Lando gets a message from Bib Fortuna asking for Lando to cough up information that he owes Jabba for not killing him before. Lando dishes all the info on the Rebellion he can without jeopardising their mission too much.
Leia sets up a new Fight Squadron, ‘Starlight Squadron’ consisting of Wedge Antilles, Shara Bey, L’Ulo L’Ampar, Mary Matten and two new pilots we’ve never seen before, Freyta Smyth and Evaan Verlaine. Their mission is to locate the missing groups of the Rebel Fleet. They locate the ruins of the Sixth Division and a group of Probe Droids who attack the Fighters’ Astromech Droids, attempting to retrieve the rest of the Rebel locations. They eject the droids, which self destruct but are soon attacked by Commander Zahra’s Star Destroyer.
The Talky communicates with Lobot before telling Leia, Lando, Chewie and Kes that the connection between them is killing Lobot. Lando calls for them to break the connection and find another way but Kes shuts him up by pointing a blaster at Lando.
For me there was one major factor riding against this issue.
It came out the same day as Star Wars: The High Republic Issue 1, probably one of the most anticipated Star Wars comics in recent history.
Whilst the issue has some action, the majority is a series of conversations, which really slows the arc down after last issues action-packed story and an attempt to build tension around the idea that Lobot will die because of the connection with Talky, however, Lobot isn’t going to die yet as he shows up in ‘Aftermath: Empire’s End’. Unfortunately, for the story there aren’t many characters introduced so far that could give us an emotional loss, so it feels like Soule is clutching at straws for a good old tug on the heart strings.
Unfortunately, even the Starlight Squadron scenes don’t have enough emotional connection with us where any of the characters we already know are in danger. Granted, there are three of the six pilots who we know make it through the Original Trilogy (and I doubt that Charles Soule is pitching Mart Matten to be a big emotional death). However, we do get the return of Commander Zahra and her really cool looking damaged Star Destroyer.

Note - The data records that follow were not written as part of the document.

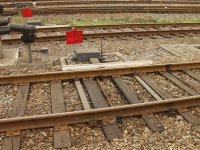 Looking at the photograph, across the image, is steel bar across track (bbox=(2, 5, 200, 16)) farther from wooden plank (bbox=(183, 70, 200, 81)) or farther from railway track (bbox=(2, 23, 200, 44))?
wooden plank (bbox=(183, 70, 200, 81))

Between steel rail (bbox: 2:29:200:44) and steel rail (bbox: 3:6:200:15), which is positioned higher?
steel rail (bbox: 3:6:200:15)

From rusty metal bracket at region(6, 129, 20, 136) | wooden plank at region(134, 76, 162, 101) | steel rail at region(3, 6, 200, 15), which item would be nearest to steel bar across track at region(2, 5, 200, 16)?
steel rail at region(3, 6, 200, 15)

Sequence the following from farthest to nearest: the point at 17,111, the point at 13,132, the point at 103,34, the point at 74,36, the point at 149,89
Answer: the point at 103,34
the point at 74,36
the point at 149,89
the point at 17,111
the point at 13,132

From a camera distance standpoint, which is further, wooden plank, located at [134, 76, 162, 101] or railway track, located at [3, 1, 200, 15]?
railway track, located at [3, 1, 200, 15]

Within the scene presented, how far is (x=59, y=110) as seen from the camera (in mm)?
5535

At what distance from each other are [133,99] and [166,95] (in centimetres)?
71

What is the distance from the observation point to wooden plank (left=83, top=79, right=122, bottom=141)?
16.1 ft

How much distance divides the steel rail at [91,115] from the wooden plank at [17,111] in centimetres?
20

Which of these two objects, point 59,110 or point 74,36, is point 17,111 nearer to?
point 59,110

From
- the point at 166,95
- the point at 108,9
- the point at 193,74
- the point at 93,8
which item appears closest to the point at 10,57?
the point at 166,95

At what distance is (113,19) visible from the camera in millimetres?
15031

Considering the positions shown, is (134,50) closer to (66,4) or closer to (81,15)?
(81,15)

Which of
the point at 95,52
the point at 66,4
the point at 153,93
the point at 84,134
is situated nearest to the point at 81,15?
the point at 66,4

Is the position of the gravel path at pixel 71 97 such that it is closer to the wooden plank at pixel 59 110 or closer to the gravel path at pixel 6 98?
the wooden plank at pixel 59 110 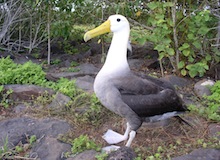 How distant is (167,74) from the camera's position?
18.7 ft

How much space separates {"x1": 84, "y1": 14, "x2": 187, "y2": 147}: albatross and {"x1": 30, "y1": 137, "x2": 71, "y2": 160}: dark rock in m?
0.43

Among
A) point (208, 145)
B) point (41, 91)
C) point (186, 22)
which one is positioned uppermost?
point (186, 22)

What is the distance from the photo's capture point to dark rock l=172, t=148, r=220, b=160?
307 centimetres

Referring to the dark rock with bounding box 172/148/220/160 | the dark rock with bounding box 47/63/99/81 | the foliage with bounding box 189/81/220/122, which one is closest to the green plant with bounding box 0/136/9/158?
the dark rock with bounding box 172/148/220/160

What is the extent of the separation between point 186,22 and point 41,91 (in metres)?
2.16

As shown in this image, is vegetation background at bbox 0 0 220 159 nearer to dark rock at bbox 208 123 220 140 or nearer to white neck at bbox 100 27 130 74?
dark rock at bbox 208 123 220 140

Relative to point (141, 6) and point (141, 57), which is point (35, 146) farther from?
point (141, 57)

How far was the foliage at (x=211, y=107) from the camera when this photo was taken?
3940mm

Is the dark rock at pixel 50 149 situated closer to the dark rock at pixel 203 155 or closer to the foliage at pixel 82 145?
the foliage at pixel 82 145

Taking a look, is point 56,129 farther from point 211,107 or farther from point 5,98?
point 211,107

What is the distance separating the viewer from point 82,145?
10.7 ft

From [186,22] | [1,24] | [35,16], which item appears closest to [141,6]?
[186,22]

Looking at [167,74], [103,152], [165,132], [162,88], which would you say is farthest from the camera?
[167,74]

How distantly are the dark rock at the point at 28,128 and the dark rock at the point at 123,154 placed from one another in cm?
75
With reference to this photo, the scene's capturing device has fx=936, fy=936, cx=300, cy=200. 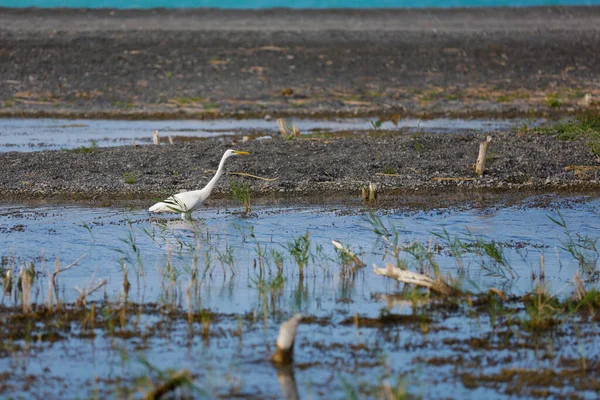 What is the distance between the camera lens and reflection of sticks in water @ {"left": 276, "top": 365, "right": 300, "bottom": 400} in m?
6.68

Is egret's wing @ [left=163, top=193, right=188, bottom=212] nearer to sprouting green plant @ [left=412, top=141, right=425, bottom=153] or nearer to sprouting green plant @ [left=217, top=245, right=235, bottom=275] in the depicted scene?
sprouting green plant @ [left=217, top=245, right=235, bottom=275]

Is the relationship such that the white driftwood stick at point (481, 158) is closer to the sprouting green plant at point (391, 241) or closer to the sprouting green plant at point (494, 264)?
the sprouting green plant at point (391, 241)

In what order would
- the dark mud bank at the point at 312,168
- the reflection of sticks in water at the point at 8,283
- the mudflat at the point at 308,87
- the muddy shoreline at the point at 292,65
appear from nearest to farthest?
the reflection of sticks in water at the point at 8,283 < the dark mud bank at the point at 312,168 < the mudflat at the point at 308,87 < the muddy shoreline at the point at 292,65

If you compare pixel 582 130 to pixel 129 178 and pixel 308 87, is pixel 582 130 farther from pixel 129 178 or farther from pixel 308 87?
pixel 308 87

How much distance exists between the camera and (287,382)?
6.93m

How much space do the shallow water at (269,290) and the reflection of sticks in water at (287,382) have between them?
6cm

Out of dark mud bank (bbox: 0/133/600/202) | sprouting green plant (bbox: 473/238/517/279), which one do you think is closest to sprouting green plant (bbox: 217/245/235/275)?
sprouting green plant (bbox: 473/238/517/279)

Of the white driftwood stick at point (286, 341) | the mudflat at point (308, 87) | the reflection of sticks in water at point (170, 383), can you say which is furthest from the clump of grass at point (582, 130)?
the reflection of sticks in water at point (170, 383)

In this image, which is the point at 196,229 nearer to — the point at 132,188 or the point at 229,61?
the point at 132,188

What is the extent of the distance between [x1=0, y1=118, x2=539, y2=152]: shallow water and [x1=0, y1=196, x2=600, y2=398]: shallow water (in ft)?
25.5

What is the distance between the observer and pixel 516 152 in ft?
58.4

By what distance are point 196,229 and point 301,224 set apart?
147 centimetres

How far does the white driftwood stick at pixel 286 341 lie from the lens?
7.14 m

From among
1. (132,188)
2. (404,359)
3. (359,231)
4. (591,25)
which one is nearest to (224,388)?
(404,359) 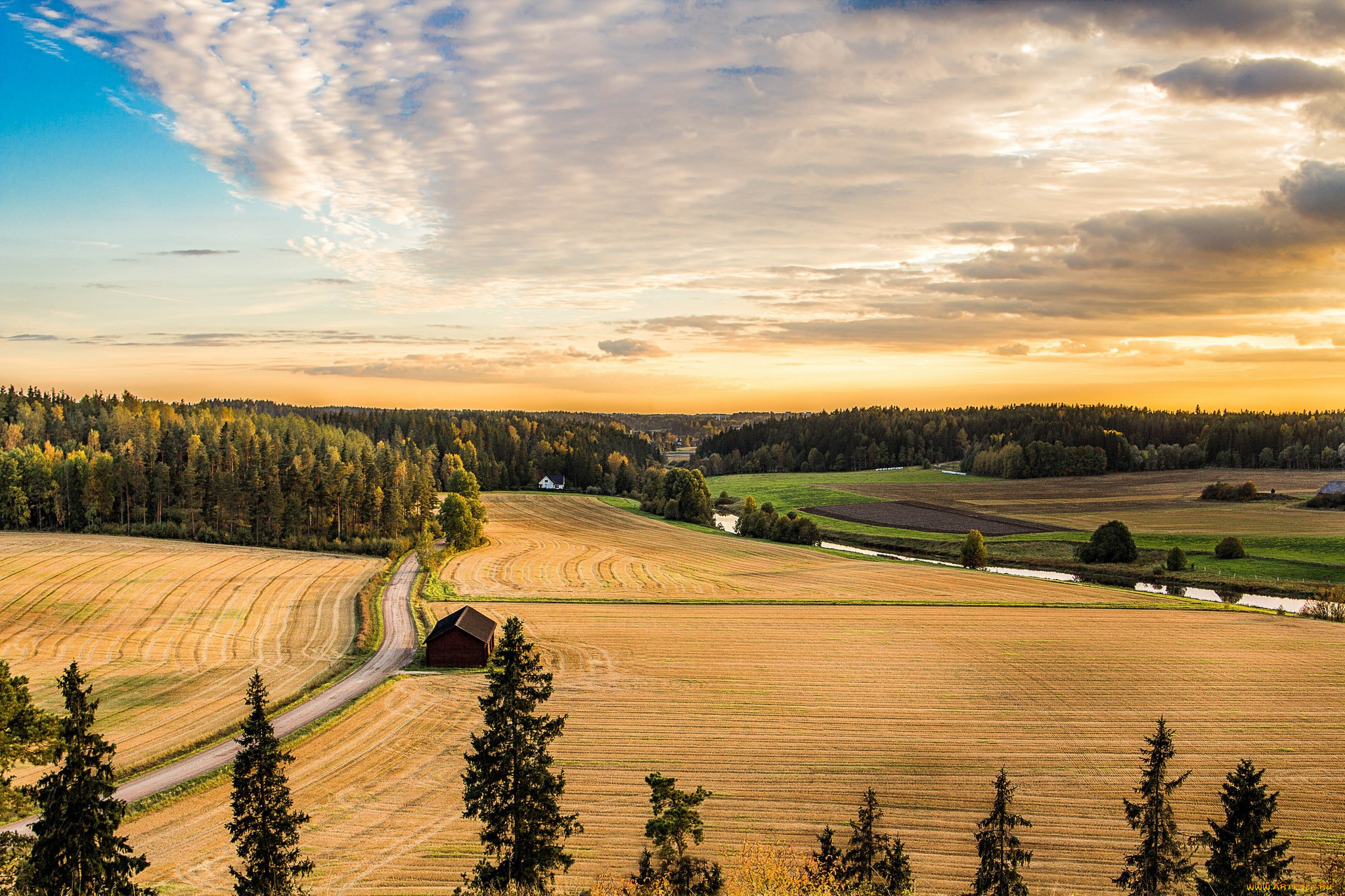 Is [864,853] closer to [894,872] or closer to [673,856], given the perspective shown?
[894,872]

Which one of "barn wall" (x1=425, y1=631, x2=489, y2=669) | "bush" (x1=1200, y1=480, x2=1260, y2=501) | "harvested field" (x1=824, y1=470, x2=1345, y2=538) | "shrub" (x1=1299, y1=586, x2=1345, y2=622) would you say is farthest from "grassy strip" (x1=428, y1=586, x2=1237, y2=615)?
"bush" (x1=1200, y1=480, x2=1260, y2=501)

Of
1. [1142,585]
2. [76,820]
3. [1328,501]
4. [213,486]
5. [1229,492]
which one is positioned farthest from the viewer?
[1229,492]

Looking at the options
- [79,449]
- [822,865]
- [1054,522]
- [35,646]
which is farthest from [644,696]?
[79,449]

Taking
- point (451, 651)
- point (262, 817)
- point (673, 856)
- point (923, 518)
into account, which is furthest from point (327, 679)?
point (923, 518)

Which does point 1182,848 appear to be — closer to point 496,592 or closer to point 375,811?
point 375,811

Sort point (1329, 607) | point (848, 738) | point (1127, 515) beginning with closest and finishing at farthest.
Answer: point (848, 738), point (1329, 607), point (1127, 515)

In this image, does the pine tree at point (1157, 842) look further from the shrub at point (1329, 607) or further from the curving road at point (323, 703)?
the shrub at point (1329, 607)

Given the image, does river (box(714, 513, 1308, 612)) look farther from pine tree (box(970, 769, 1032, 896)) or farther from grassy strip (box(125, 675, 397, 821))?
grassy strip (box(125, 675, 397, 821))

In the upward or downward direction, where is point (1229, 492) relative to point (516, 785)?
upward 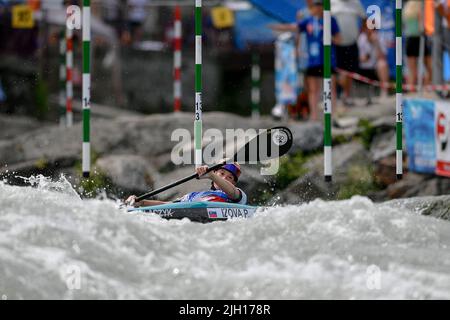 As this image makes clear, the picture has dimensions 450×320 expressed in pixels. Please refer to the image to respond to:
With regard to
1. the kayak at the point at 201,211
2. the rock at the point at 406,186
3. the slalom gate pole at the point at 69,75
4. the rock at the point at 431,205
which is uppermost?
the slalom gate pole at the point at 69,75

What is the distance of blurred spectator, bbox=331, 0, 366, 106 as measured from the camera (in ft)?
47.2

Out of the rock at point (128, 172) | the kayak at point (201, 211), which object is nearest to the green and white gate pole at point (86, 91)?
the kayak at point (201, 211)

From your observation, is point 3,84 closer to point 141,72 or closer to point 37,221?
point 141,72

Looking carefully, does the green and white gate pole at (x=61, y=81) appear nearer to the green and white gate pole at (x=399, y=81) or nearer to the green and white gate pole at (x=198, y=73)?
the green and white gate pole at (x=198, y=73)

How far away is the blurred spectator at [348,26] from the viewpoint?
1438cm

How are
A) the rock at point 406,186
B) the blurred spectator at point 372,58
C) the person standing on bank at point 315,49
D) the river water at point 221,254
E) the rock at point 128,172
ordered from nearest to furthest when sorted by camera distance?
the river water at point 221,254, the rock at point 406,186, the rock at point 128,172, the person standing on bank at point 315,49, the blurred spectator at point 372,58

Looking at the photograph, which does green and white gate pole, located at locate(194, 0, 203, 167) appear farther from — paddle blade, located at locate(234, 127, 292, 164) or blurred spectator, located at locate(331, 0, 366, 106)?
blurred spectator, located at locate(331, 0, 366, 106)

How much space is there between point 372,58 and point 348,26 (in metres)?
1.83

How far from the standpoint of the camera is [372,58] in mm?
16188

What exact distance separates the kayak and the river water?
1.03 metres

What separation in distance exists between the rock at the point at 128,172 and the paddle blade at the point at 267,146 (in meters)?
3.14

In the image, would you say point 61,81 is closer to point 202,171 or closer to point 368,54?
point 368,54

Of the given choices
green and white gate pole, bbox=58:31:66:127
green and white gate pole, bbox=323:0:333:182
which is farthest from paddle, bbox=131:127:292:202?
green and white gate pole, bbox=58:31:66:127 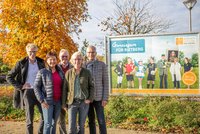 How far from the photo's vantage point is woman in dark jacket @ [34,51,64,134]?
5754mm

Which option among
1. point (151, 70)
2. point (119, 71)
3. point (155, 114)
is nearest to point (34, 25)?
point (119, 71)

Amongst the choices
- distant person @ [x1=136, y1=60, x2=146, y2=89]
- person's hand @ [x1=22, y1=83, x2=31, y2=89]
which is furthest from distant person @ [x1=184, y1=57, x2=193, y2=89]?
person's hand @ [x1=22, y1=83, x2=31, y2=89]

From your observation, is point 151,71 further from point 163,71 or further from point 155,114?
point 155,114

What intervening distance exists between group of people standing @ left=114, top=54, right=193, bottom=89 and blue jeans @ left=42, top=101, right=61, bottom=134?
230 inches

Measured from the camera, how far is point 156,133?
7.37 meters

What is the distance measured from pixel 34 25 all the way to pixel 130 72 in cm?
675

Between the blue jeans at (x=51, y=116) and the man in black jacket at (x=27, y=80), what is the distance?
0.68 meters

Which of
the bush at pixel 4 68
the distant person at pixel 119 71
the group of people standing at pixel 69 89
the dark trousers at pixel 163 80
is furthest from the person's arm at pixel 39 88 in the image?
the bush at pixel 4 68

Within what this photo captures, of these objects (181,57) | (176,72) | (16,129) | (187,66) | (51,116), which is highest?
(181,57)

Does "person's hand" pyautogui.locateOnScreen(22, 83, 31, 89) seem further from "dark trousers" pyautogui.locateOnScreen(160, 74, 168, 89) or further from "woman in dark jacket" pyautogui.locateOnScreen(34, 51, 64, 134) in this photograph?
"dark trousers" pyautogui.locateOnScreen(160, 74, 168, 89)

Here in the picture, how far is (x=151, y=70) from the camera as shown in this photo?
1126 cm

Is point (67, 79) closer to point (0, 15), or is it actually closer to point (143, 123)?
point (143, 123)

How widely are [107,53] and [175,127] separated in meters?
4.67

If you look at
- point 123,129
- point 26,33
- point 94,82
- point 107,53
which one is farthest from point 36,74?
point 26,33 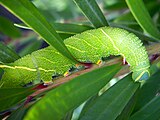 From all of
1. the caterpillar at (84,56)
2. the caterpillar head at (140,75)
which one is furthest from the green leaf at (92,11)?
the caterpillar head at (140,75)

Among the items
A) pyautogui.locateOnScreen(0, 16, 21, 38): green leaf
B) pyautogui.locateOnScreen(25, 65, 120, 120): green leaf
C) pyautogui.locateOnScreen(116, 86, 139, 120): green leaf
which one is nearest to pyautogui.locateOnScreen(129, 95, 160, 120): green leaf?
pyautogui.locateOnScreen(116, 86, 139, 120): green leaf

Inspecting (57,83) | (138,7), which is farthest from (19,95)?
(138,7)

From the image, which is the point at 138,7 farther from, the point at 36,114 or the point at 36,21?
the point at 36,114

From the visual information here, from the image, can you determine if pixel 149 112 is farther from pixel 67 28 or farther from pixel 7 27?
pixel 7 27

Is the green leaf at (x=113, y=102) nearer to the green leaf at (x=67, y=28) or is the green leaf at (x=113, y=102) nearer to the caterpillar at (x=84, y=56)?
the caterpillar at (x=84, y=56)

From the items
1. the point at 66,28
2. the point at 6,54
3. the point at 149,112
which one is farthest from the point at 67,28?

For me, it was a disappointing second part of what looks to be a three part story arc. Thankfully, the story is bolstered by some amazing art here, especially in the dog fight scenes, and the final page with Starlight Squadron being chased by the Star Destroyer is beautiful. Hopefully prt three will be a return to form for this series. Soule has been knocking it out of the park so far and this could just be a build-up issue before the proverbial hits the fan.